What is being asked:
When you reach the records below, output every one exactly as written but leave out any pictures.
*** Available data Section Begins ***
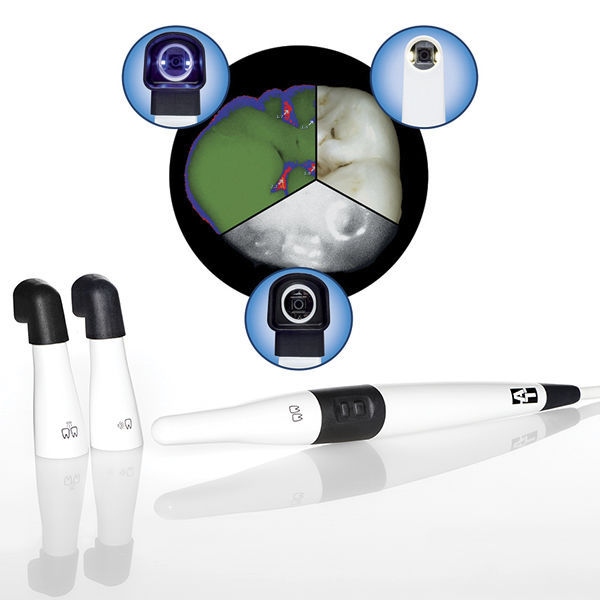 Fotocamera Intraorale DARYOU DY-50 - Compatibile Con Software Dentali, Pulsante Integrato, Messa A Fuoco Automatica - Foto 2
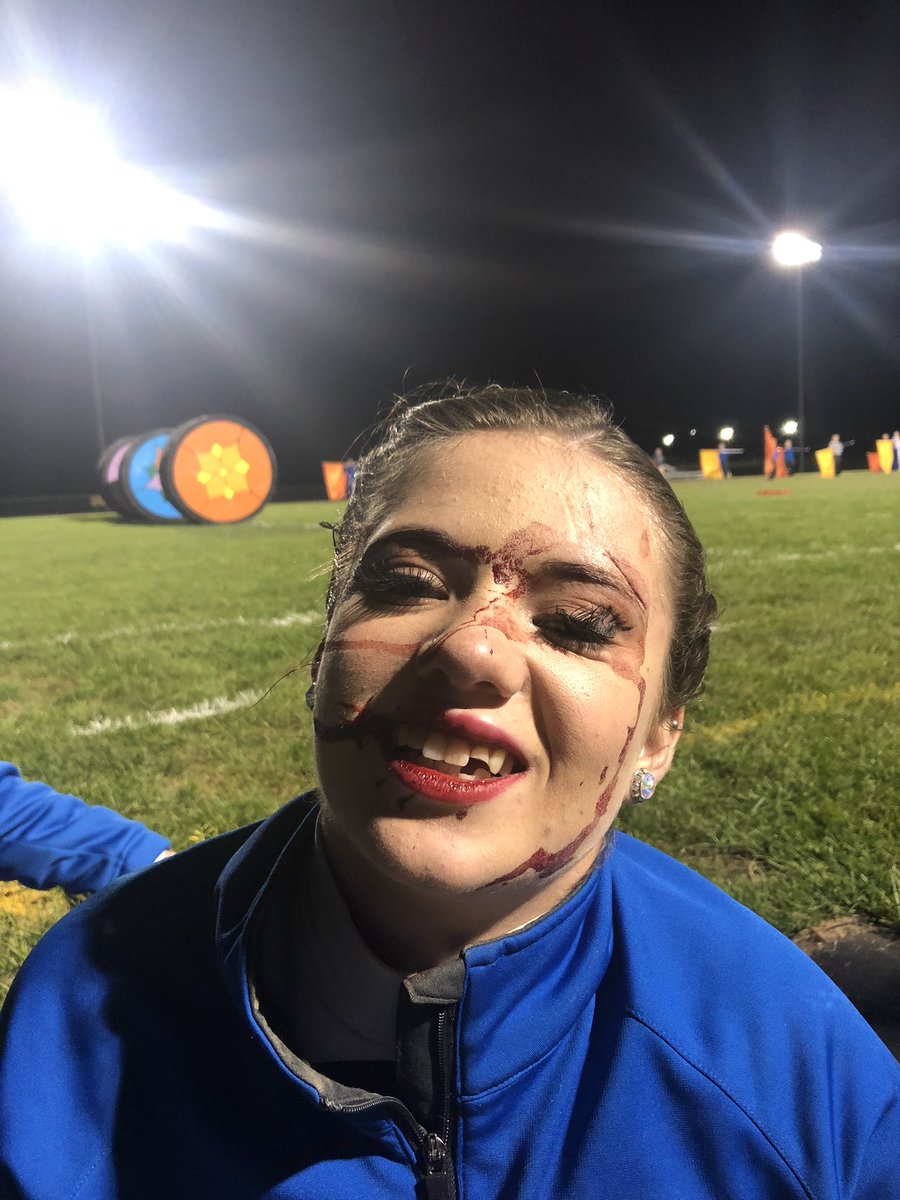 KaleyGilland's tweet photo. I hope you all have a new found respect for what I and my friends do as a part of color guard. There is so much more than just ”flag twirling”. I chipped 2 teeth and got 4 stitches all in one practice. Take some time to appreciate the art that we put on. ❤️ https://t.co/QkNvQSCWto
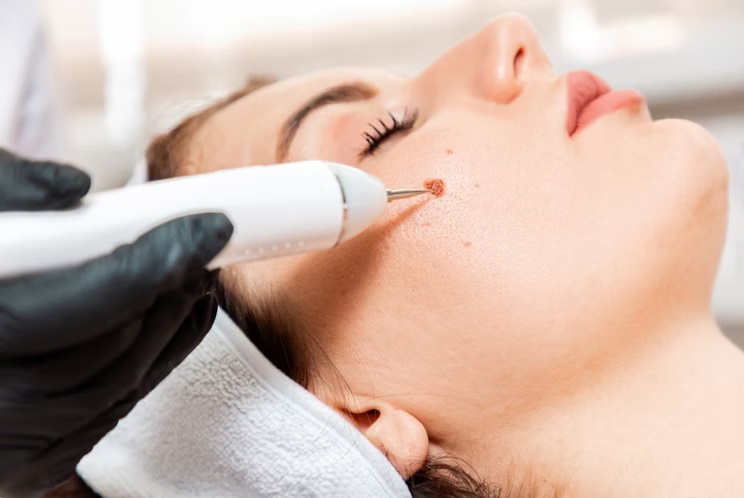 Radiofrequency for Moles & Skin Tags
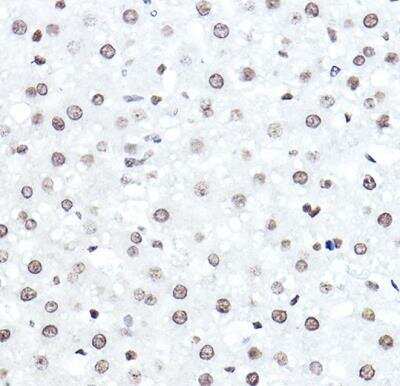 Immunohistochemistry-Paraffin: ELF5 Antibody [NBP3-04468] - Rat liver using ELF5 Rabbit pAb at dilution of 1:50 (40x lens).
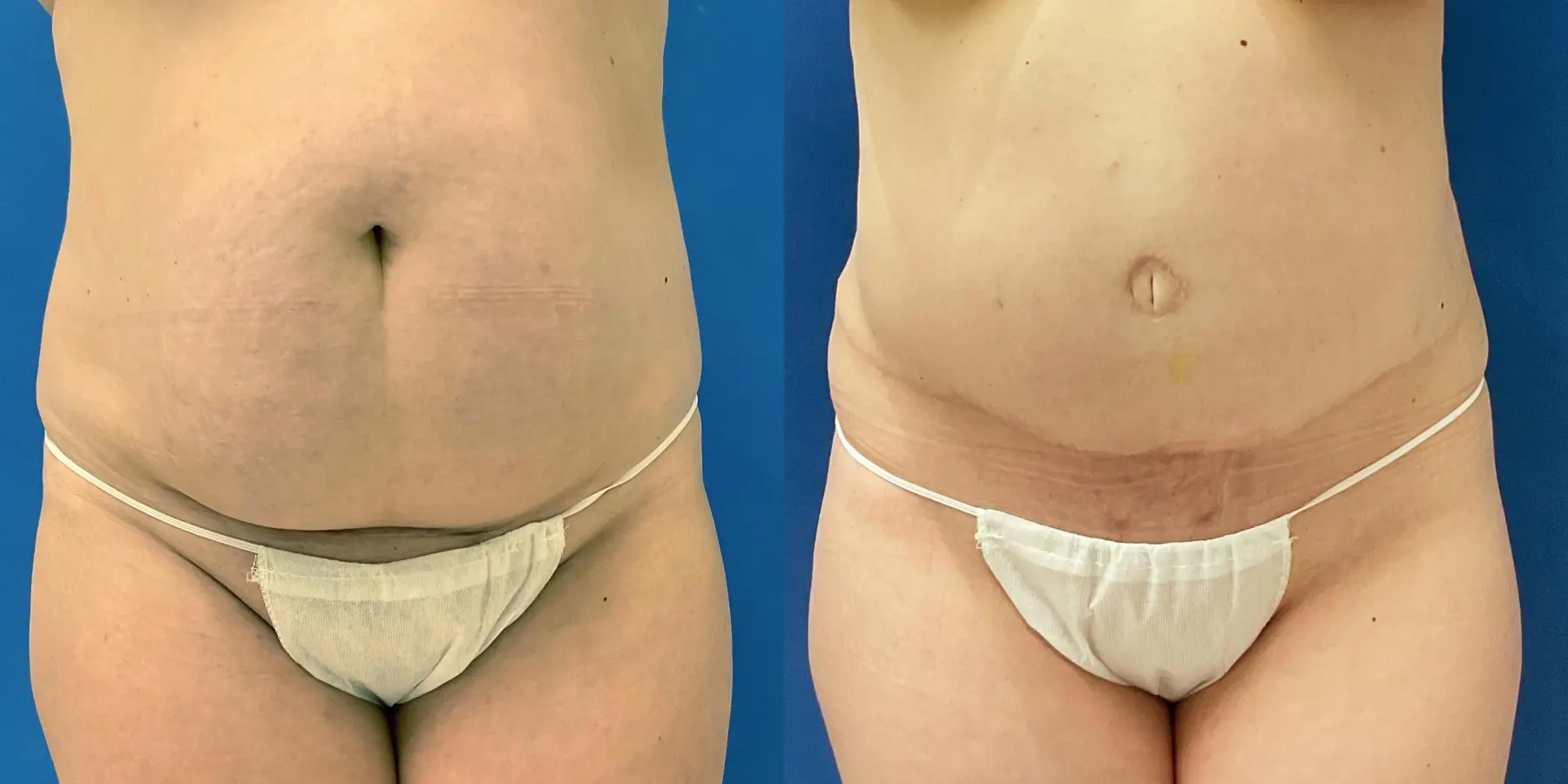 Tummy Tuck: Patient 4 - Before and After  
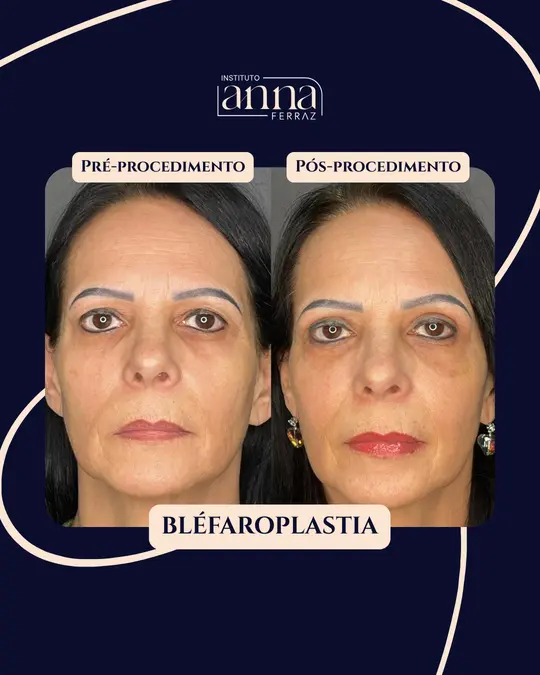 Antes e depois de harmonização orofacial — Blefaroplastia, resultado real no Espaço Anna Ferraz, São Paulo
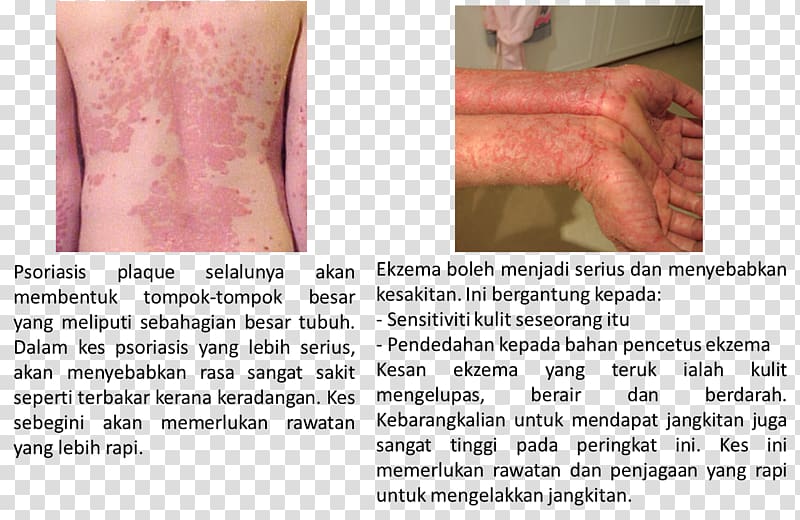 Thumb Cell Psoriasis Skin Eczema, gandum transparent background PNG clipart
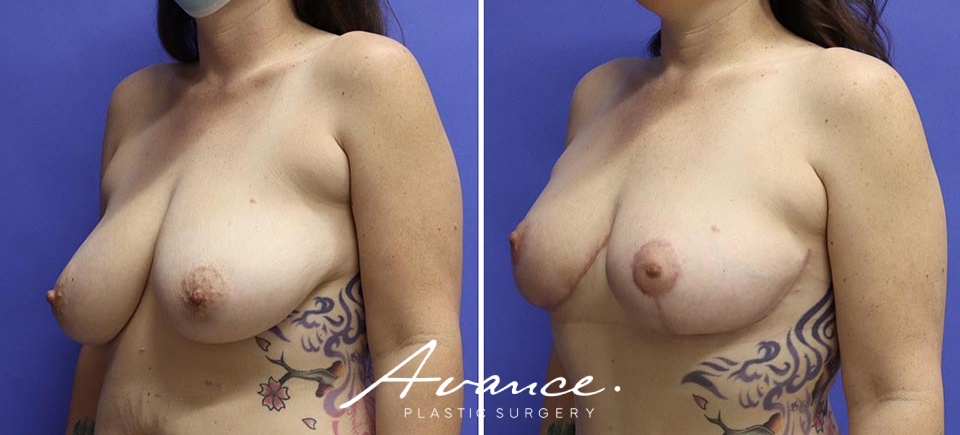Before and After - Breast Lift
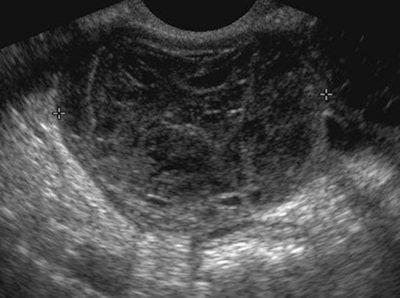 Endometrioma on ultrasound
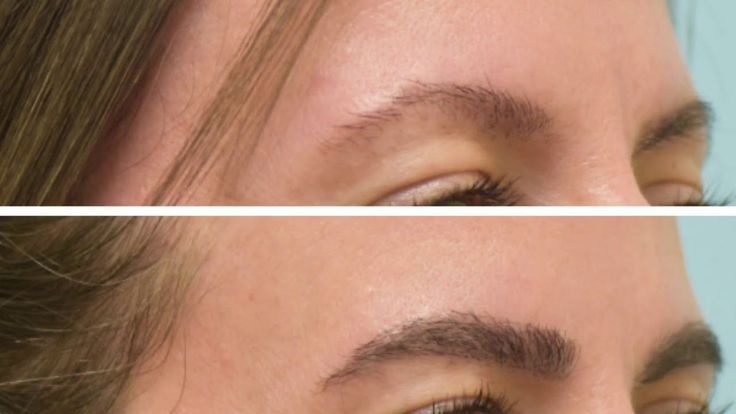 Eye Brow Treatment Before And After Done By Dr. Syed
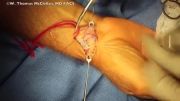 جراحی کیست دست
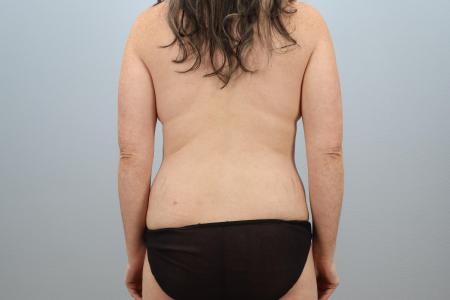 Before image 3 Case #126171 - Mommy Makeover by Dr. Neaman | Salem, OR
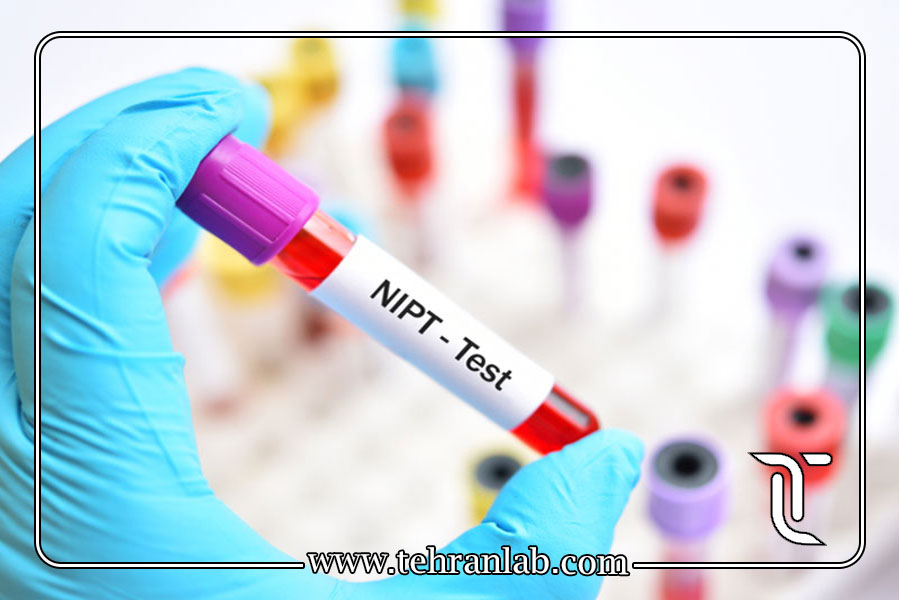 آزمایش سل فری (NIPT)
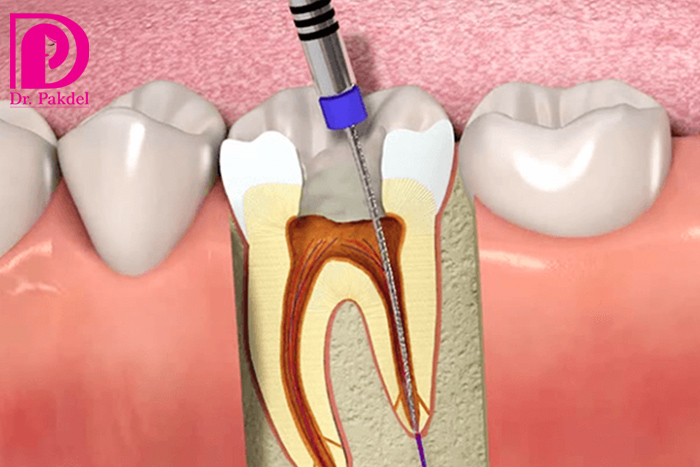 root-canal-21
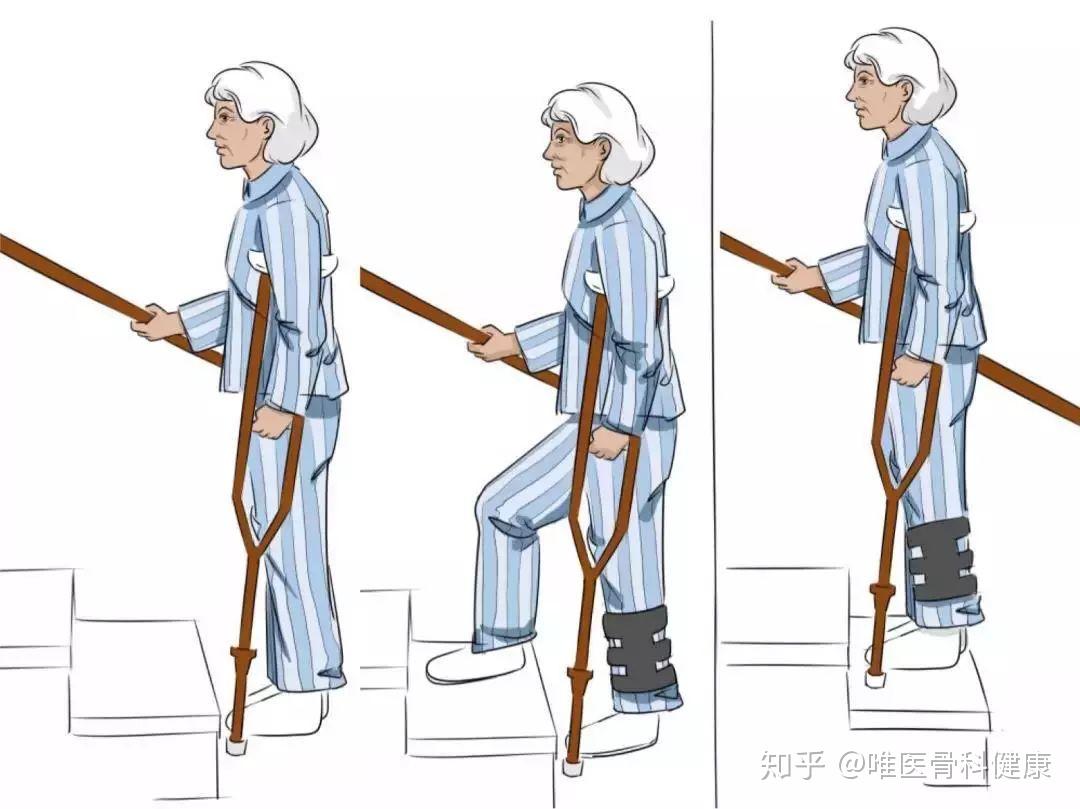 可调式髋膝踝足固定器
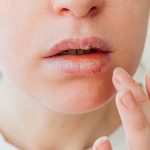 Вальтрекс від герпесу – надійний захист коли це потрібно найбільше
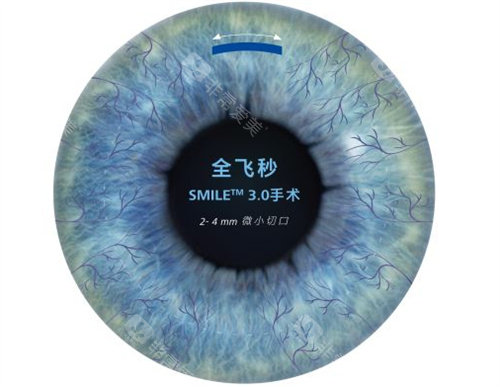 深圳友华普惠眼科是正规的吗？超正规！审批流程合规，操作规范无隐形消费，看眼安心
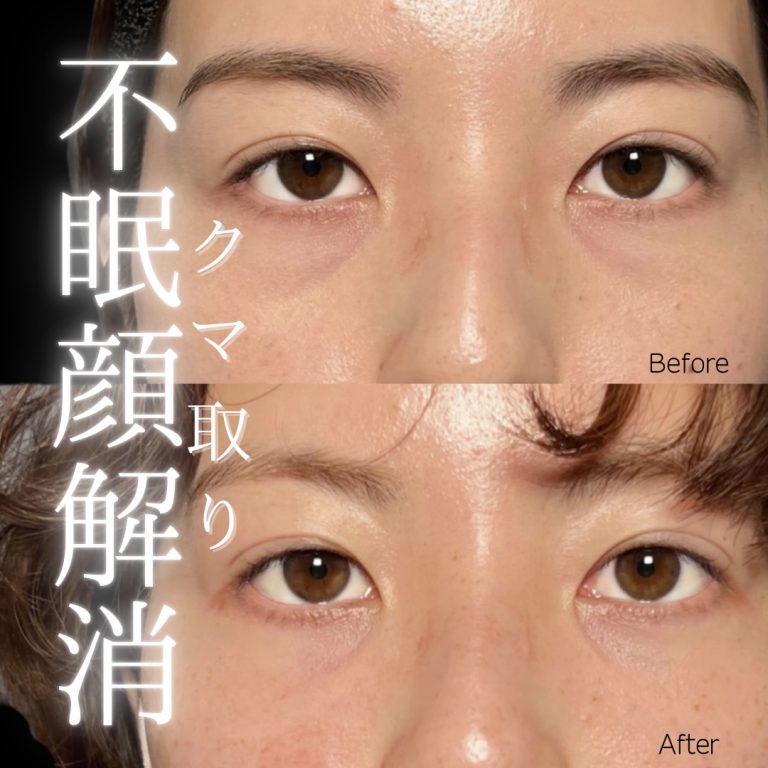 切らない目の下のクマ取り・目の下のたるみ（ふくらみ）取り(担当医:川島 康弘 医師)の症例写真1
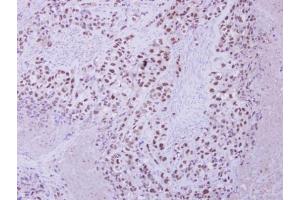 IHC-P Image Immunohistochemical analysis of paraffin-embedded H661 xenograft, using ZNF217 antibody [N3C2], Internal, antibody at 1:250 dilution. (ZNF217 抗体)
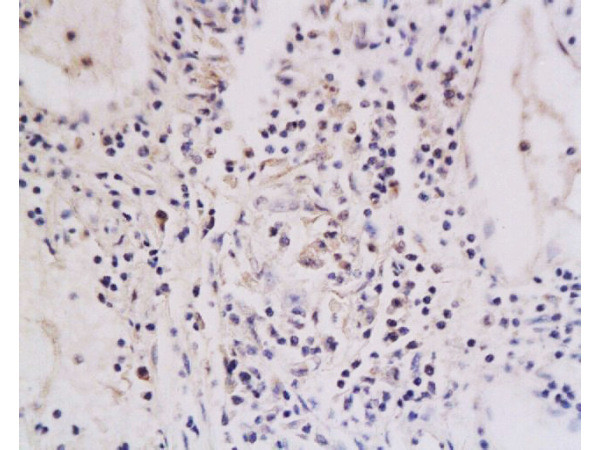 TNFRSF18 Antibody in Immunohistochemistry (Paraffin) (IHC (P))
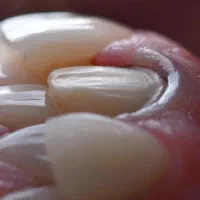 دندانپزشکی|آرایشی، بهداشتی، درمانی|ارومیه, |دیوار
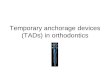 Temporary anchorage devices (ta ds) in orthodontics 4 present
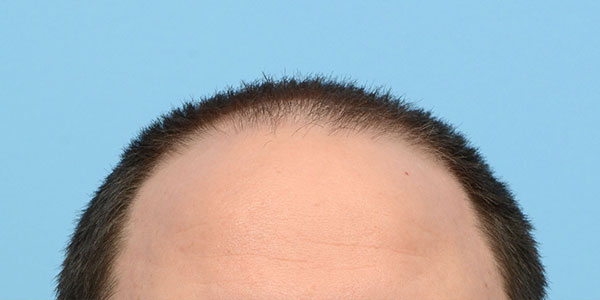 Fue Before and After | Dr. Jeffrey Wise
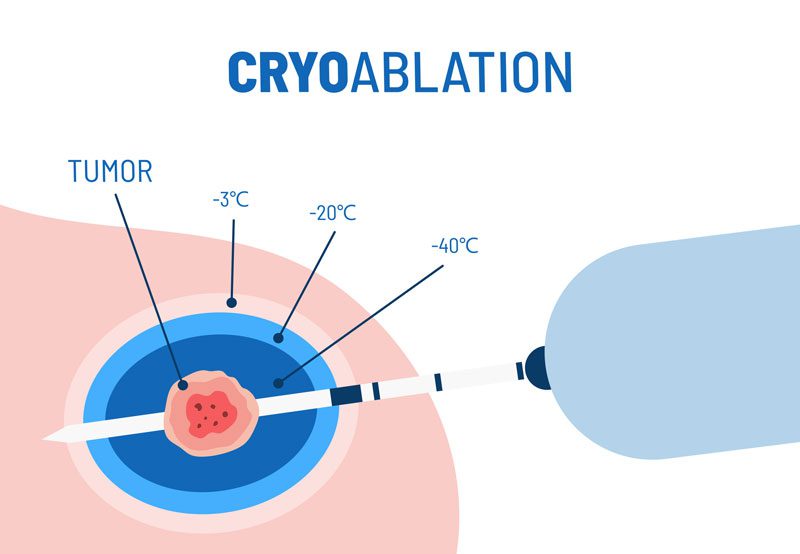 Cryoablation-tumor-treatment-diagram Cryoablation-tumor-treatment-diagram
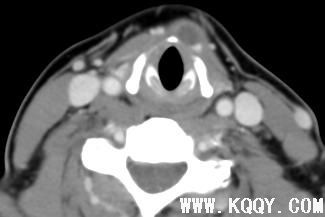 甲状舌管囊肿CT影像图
*** Available data Section Ends ***
Solution:
 Fotocamera Intraorale DARYOU DY-50 - Compatibile Con Software Dentali, Pulsante Integrato, Messa A Fuoco Automatica - Foto 2
 KaleyGilland's tweet photo. I hope you all have a new found respect for what I and my friends do as a part of color guard. There is so much more than just ”flag twirling”. I chipped 2 teeth and got 4 stitches all in one practice. Take some time to appreciate the art that we put on. ❤️ https://t.co/QkNvQSCWto
 Radiofrequency for Moles & Skin Tags
 Immunohistochemistry-Paraffin: ELF5 Antibody [NBP3-04468] - Rat liver using ELF5 Rabbit pAb at dilution of 1:50 (40x lens).
 Tummy Tuck: Patient 4 - Before and After  
 Antes e depois de harmonização orofacial — Blefaroplastia, resultado real no Espaço Anna Ferraz, São Paulo
 Thumb Cell Psoriasis Skin Eczema, gandum transparent background PNG clipart
Before and After - Breast Lift
 Endometrioma on ultrasound
 Eye Brow Treatment Before And After Done By Dr. Syed
 جراحی کیست دست
 Before image 3 Case #126171 - Mommy Makeover by Dr. Neaman | Salem, OR
 آزمایش سل فری (NIPT)
 root-canal-21
 可调式髋膝踝足固定器
 Вальтрекс від герпесу – надійний захист коли це потрібно найбільше
 深圳友华普惠眼科是正规的吗？超正规！审批流程合规，操作规范无隐形消费，看眼安心
 切らない目の下のクマ取り・目の下のたるみ（ふくらみ）取り(担当医:川島 康弘 医師)の症例写真1
 IHC-P Image Immunohistochemical analysis of paraffin-embedded H661 xenograft, using ZNF217 antibody [N3C2], Internal, antibody at 1:250 dilution. (ZNF217 抗体)
 TNFRSF18 Antibody in Immunohistochemistry (Paraffin) (IHC (P))
 دندانپزشکی|آرایشی، بهداشتی، درمانی|ارومیه, |دیوار
 Temporary anchorage devices (ta ds) in orthodontics 4 present
 Fue Before and After | Dr. Jeffrey Wise
 Cryoablation-tumor-treatment-diagram Cryoablation-tumor-treatment-diagram
 甲状舌管囊肿CT影像图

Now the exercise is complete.